One is new in the box and the other two are nice as well.

I can not find one for sale on the face of the planet.

What do you think??


----------



## 66TigerCat (Mar 10, 2012)

*Found this.....*

http://velosniper.blogspot.com/2008/09/wednesday-price-porn-simplex-rare.html

Also found this, $1325. in 2001 ! - http://www.classicrendezvous.com/Market_highs/Highmarks_01.htm

They are late 50's and could be adjusted to handle 5,4 or 3 cogs hence the name "543". So, yes, rare indeed. That's the type of derailleur that is prized by collectors of French bicycles especially Japanese collectors.

The sky's the limit on Ebay especially if you ship internationally.
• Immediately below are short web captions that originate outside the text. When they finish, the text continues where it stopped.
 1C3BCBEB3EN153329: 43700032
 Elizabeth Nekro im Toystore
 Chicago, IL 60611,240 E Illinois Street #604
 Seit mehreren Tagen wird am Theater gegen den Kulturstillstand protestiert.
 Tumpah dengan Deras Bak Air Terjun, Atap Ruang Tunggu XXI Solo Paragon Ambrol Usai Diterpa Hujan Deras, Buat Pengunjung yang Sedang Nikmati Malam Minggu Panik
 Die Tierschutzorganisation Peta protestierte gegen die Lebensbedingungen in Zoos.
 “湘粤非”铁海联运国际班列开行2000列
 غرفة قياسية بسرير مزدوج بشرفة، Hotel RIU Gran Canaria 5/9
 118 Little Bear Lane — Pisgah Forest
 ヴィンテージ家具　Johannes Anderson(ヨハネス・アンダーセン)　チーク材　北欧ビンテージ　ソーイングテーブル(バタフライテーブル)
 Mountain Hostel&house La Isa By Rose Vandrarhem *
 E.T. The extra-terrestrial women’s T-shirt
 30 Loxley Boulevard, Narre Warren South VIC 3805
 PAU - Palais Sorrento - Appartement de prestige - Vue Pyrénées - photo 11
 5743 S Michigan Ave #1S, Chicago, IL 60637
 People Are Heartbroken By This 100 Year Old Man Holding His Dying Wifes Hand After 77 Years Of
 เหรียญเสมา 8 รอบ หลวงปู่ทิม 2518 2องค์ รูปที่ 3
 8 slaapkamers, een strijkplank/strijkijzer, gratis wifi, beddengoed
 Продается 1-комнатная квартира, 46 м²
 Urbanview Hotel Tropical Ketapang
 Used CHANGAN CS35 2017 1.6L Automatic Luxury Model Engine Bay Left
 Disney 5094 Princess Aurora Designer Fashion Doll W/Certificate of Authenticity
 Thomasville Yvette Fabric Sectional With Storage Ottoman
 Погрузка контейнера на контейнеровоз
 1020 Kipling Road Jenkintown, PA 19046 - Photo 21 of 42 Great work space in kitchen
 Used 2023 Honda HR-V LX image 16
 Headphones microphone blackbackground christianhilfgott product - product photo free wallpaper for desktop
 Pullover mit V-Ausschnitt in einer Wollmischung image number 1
You could see thousands for the one in the box and many hundreds for the others depending on condition.


----------



## jjhabbs (Mar 10, 2012)

66TigerCat said:


> http://velosniper.blogspot.com/2008/09/wednesday-price-porn-simplex-rare.html
> 
> Also found this, $1325. in 2001 ! - http://www.classicrendezvous.com/Market_highs/Highmarks_01.htm
> 
> ...




I want to sell them both. Not sure I want to do Ebay.


----------



## rhenning (Mar 11, 2012)

If you really want to sell them the only place you will get what you think they are worth would be E-Bay.  Roger


----------